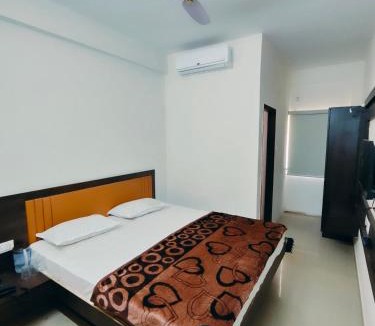 Bhuj Hotel | Hotel Heritage Palace - Bhuj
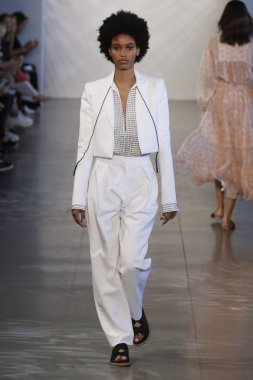 New York, Ny - Eylül 06: Manken pist öğlen için Nur tarafından New York moda haftası sırasında yürür: gösterir New York'ta 6 Eylül 2018 bahar stüdyolarında Galerisi II.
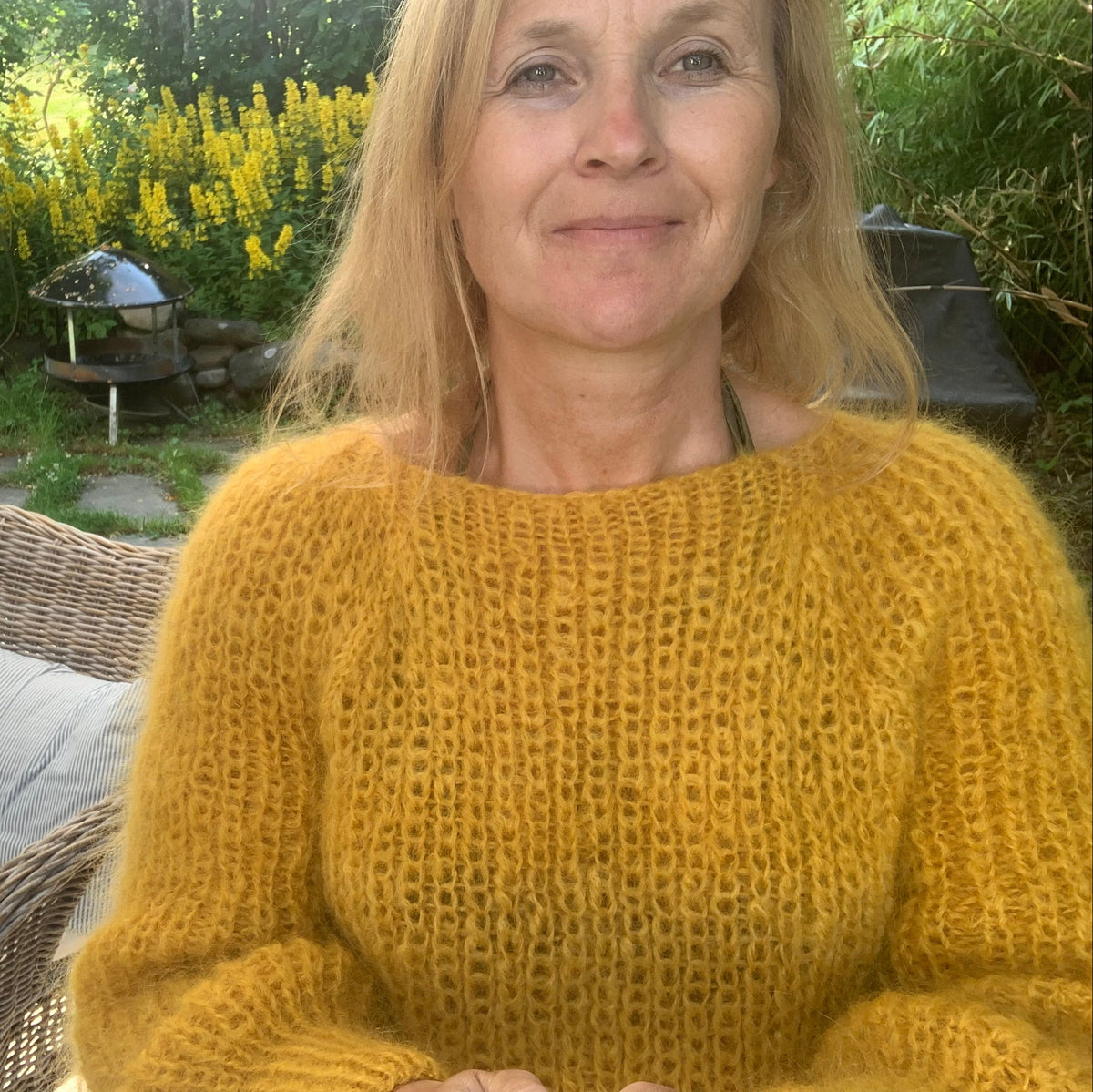 Yellow mohair sweater in half brioche with puff sleeves – Yellow from CosyMonday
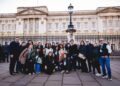 JHC e Marina Candia acompanham estudantes em visita à National Gallery e ao Palácio de Buckingham, em Londres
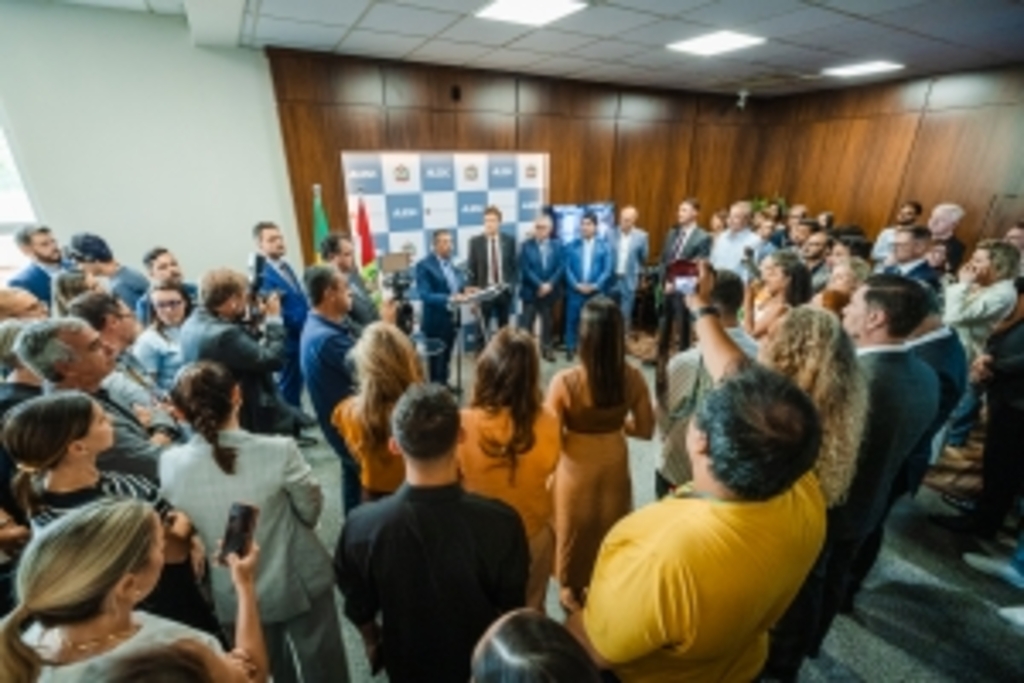 Alesc amplia participação cidadã com inauguração do Espaço da Democracia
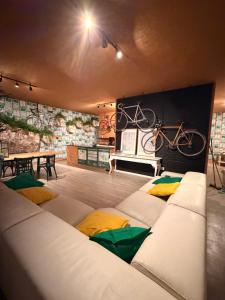 a living room with a couch and bikes on the wall at Fiets Kot in Keerselaar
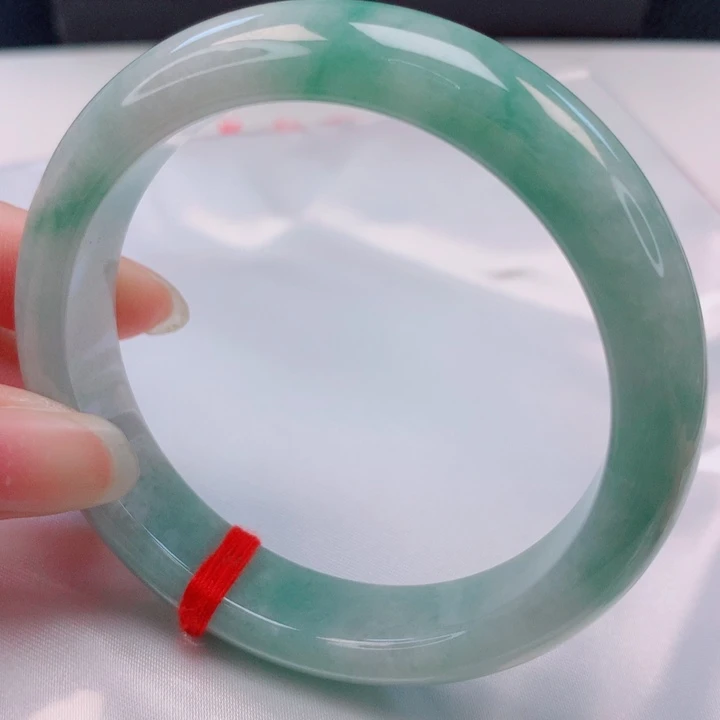 翡翠未镶嵌手镯55圈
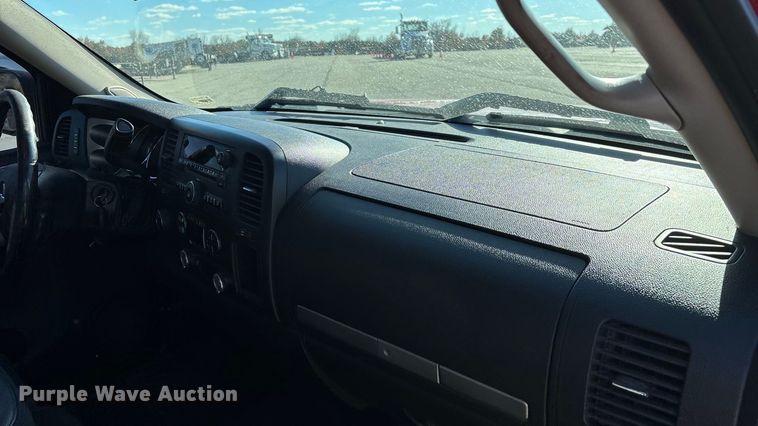 image for item ED2365 2009 Chevrolet Silverado Ext. Cab pickup truck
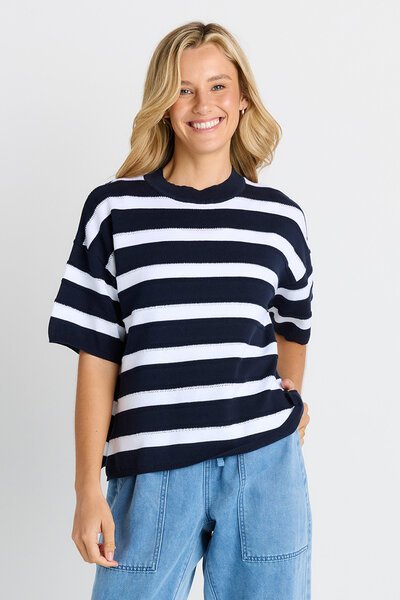 Betty Basics Libby Boxy Top-19.8.26-Hello Cyril.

_Problem requirements_
Only the lines from the beginning of the records up to and including the line with "Yellow mohair sweater" should appear, exactly as they are, and no pictures.

_Answer space_
 Bhuj Hotel | Hotel Heritage Palace - Bhuj
 New York, Ny - Eylül 06: Manken pist öğlen için Nur tarafından New York moda haftası sırasında yürür: gösterir New York'ta 6 Eylül 2018 bahar stüdyolarında Galerisi II.
 Yellow mohair sweater in half brioche with puff sleeves – Yellow from CosyMonday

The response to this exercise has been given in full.